When Nelson Mandela died at the age of ninety five, people from around the world recognized the importance of the man and the life he lived. But here in America, a certain group couldn’t get pass the fact that Mandela, at a certain point in his life and in the struggle for freedom from apartheid, took a considerably unpopular path along the way. That small path in all his 95 years was enough to labeled him a terrorist. And it is this small path the naysayers focus on.
These naysayers, mostly in the Republican party, expressed their views when Ted Cruz and Newt Gingrich spoke positively about Mandela on Facebook. Some of their views got so unbearable, Newt felt the need to respond.
Mandela was faced with a vicious apartheid regime that eliminated all rights for blacks and gave them no hope for the future. This was a regime which used secret police, prisons and military force to crush all efforts at seeking freedom by blacks.

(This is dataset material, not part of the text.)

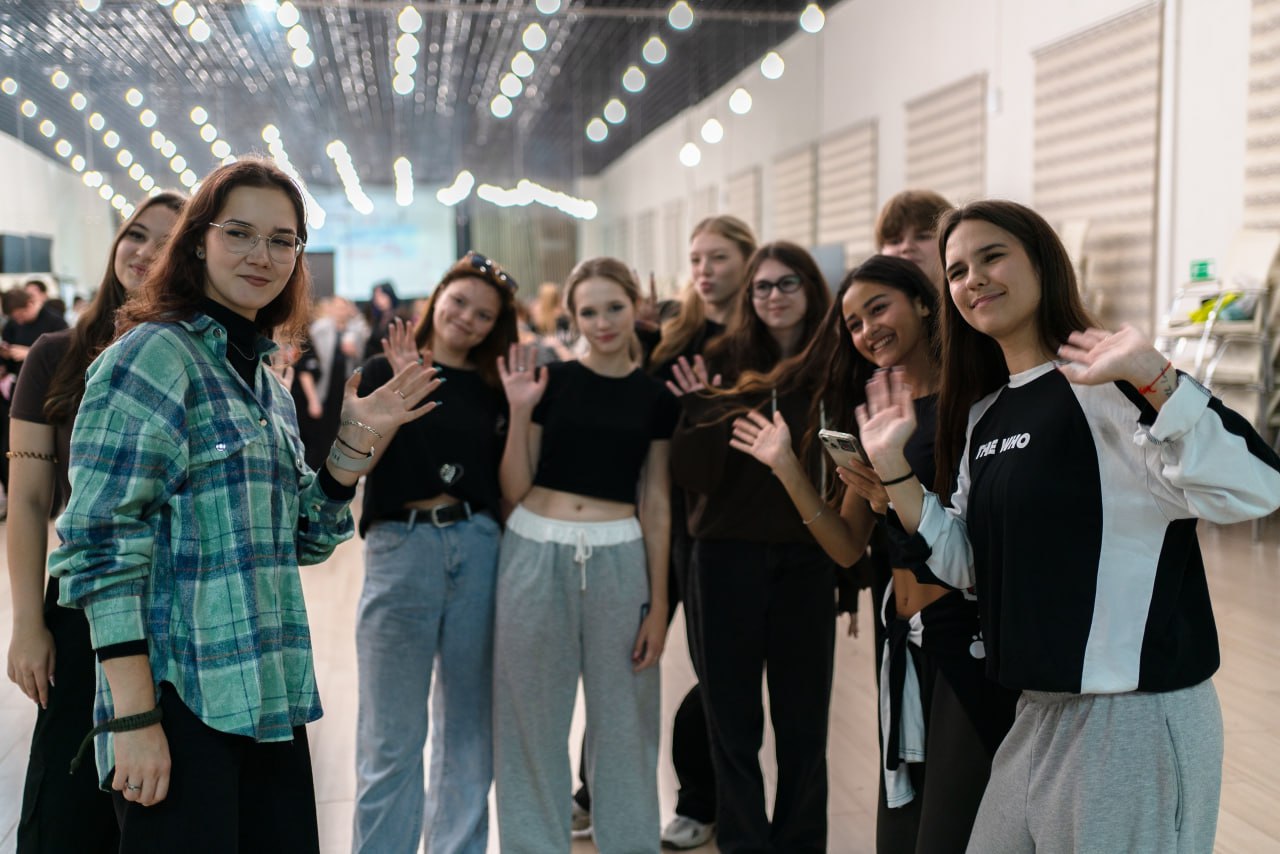 Саратовские студенты объединились в танцевальном марафоне народов России Саратовские студенты объединились в танцевальном марафоне народов России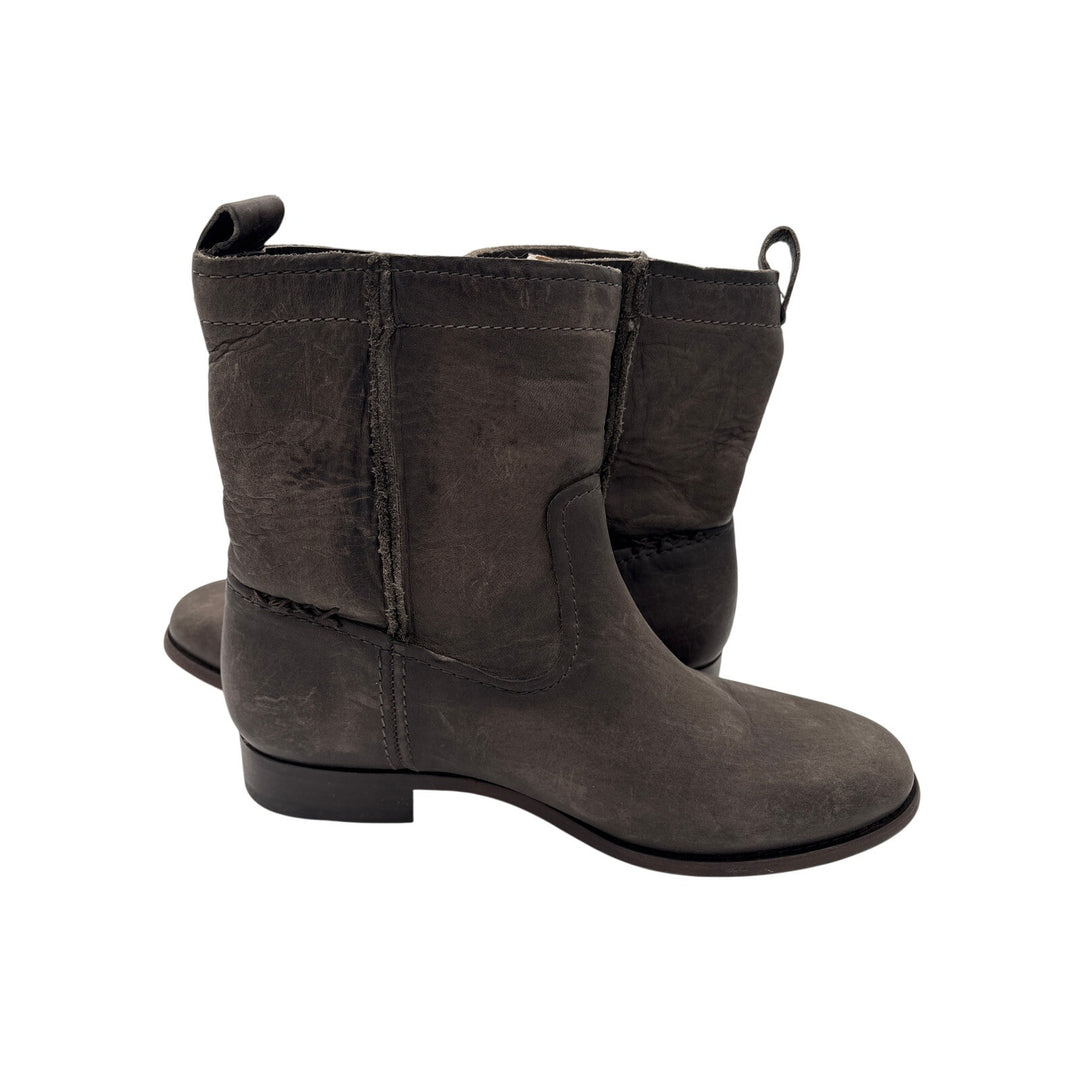 Women’s Frye Size 8 Soft Leather Brown Ankle Boots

What would you have done faced with that crushing government?
What would you do here in America if you had that kind of oppression?
Some of the people who are most opposed to oppression from Washington attack Mandela when he was opposed to oppression in his own country.

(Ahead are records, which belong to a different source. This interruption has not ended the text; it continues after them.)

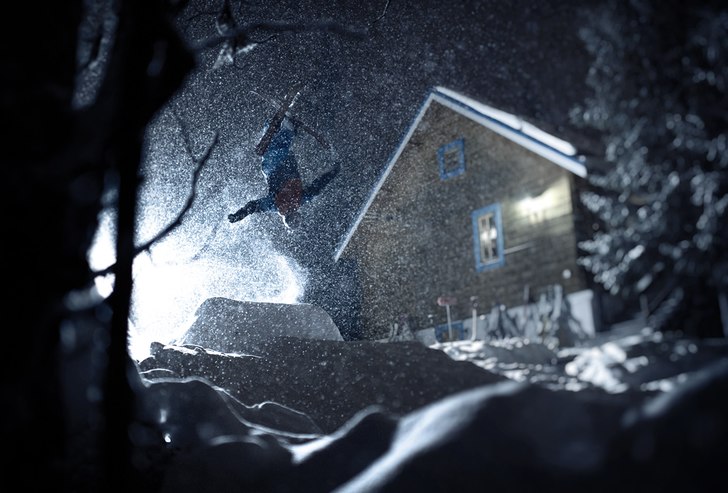 Backflip med kors på tomten. Foto: Oskar Bakke. Åkare: August Djuphammar.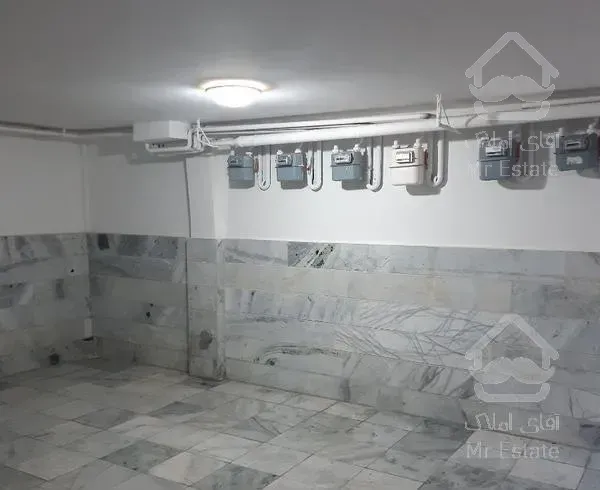 اپارتمان ۱۶۰ متری  ۳ خوابه    بلوار ارم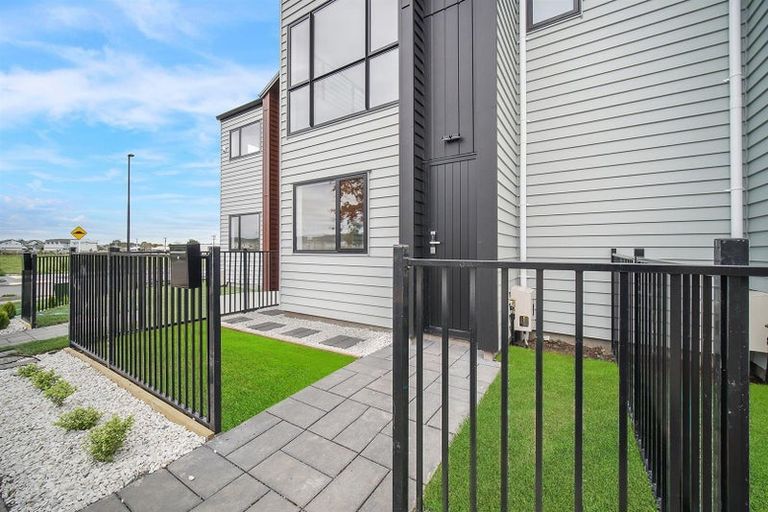Photo of property in 5 Bei Road, Papakura, 2110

After years of preaching non-violence, using the political system, making his case as a defendant in court, Mandela resorted to violence against a government that was ruthless and violent in its suppression of free speech.
As Americans we celebrate the farmers at Lexington and Concord who used force to oppose British tyranny. We praise George Washington for spending eight years in the field fighting the British Army’s dictatorial assault on our freedom.
Patrick Henry said, “Give me liberty or give me death.”
Thomas Jefferson wrote and the Continental Congress adopted that “all men are created equal, and they are endowed by their Creator with certain unalienable rights, among which are life, liberty, and the pursuit of happiness.”
Doesn’t this apply to Nelson Mandela and his people?
Some conservatives say, ah, but he was a communist.
Actually Mandela was raised in a Methodist school, was a devout Christian, turned to communism in desperation only after South Africa was taken over by an extraordinarily racist government determined to eliminate all rights for blacks.
I would ask of his critics: where were some of these conservatives as allies against tyranny? Where were the masses of conservatives opposing Apartheid? In a desperate struggle against an overpowering government, you accept the allies you have just as Washington was grateful for a French monarchy helping him defeat the British.
Finally, if you had been imprisoned for 27 years, 18 of them in a cell eight foot by seven foot, how do you think you would have emerged? Would you have been angry? Would you have been bitter?